S E cumple este año quinientos desde que Ignacio de Loyola volviera a su casa tras la batalla, maltrecho y herido en el cuerpo y en el alma. Resulta curioso que la Compañía de Jesús celebre el acontecimiento de una herida y se fije en el forzoso reposo para la cura de un joven Ignacio obligado a la postración, desesperado por el tedio incompatible con un espíritu vehemente e inquieto.

¿Cómo celebrar una derrota, un fracaso interior? Porque es ahí donde se inicia su proceso de conversión, su radical voluntad de vivir con un estilo diferente cerca de Dios como único camino para llegar al corazón del Hombre y dedicar su existencia al Servicio.

Lucha contra los egos personales convirtiéndose en uno de los grandes de la Historia y la vida cristiana. El mensaje de Ignacio es hoy -si cabe- mucho más radical, revolucionario, transformador y necesario que nunca. En un mundo secularizado de imparable descristianización -en lo íntimo y lo cultural-, el rechazo al acervo de creencias que nos han sido propias, está siendo sustituido en pequeñas dosis de ingeniería social con leyes, nuevos derechos, costumbres extrañas que nos alejan -bajo la promesa de alcanzar cotas de mayor libertad- de la verdadera liberación humana interior.

La propuesta actual es vivir entretenidos, ocupados y atrapados en una vorágine consumista mientras nos vamos vaciando sin oponer resistencia alguna.
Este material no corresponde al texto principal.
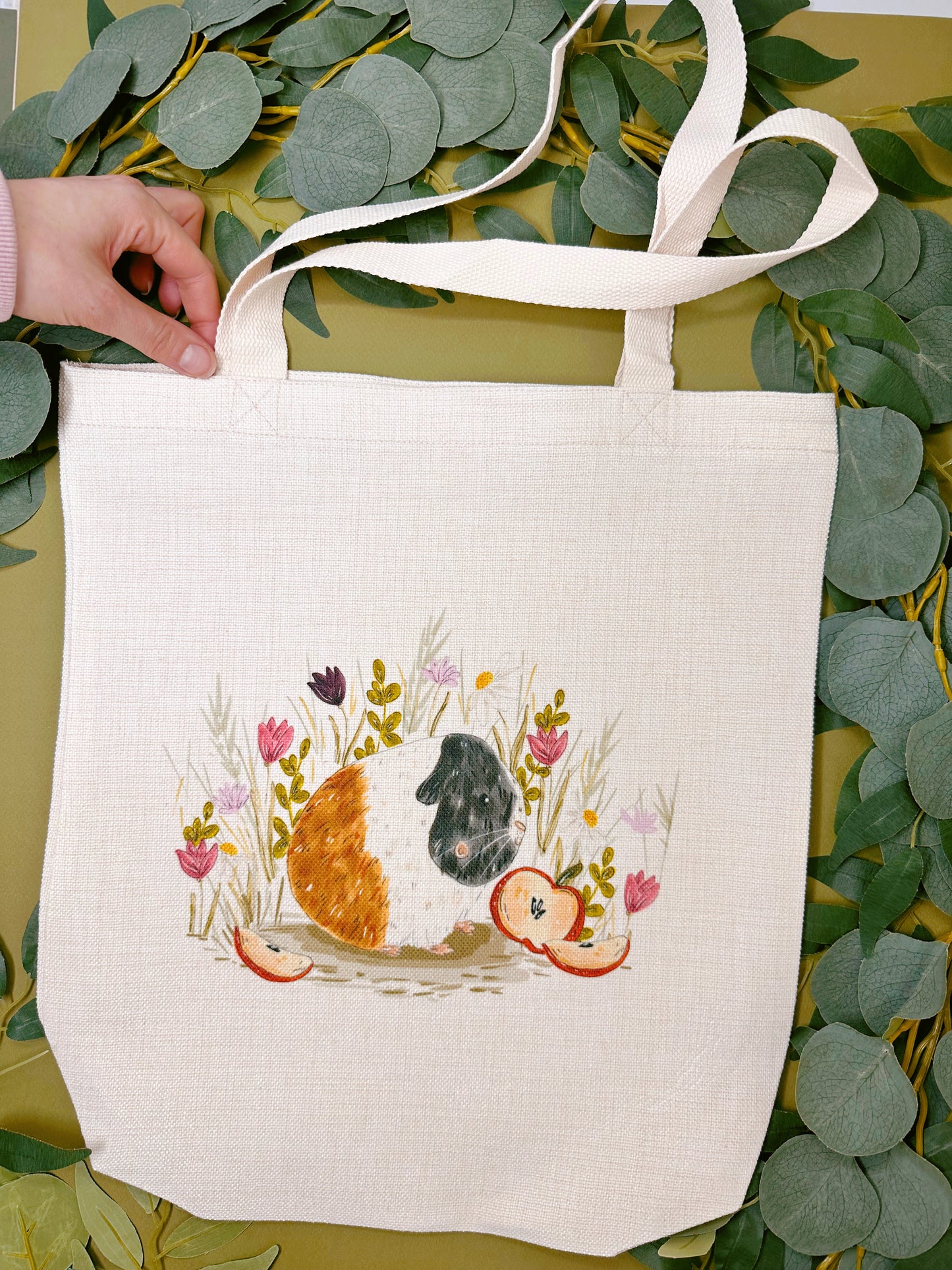 Apple Guinea Pig Linen Tote Bag
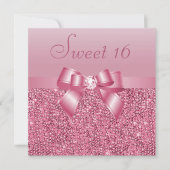 Roze pailletten, Bow & Diamond Sweet 16 Kaart (Voorkant)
Se premia el pensamiento homogéneo, proliferan los ofendidos con todo, proclamamos derechos que acaban siendo cárcel interior empeñados en la reconstrucción de una nueva Historia que pide perdón por los pecados ajenos del pasado para omitir los propios del presente.

El ejemplo de Ignacio sigue siendo nuevo; es reclamo o grito de lo auténtico, de un Cristo Libertador que se abre paso entre tanto sucedáneo falso, entre tanta vida de cartón piedra.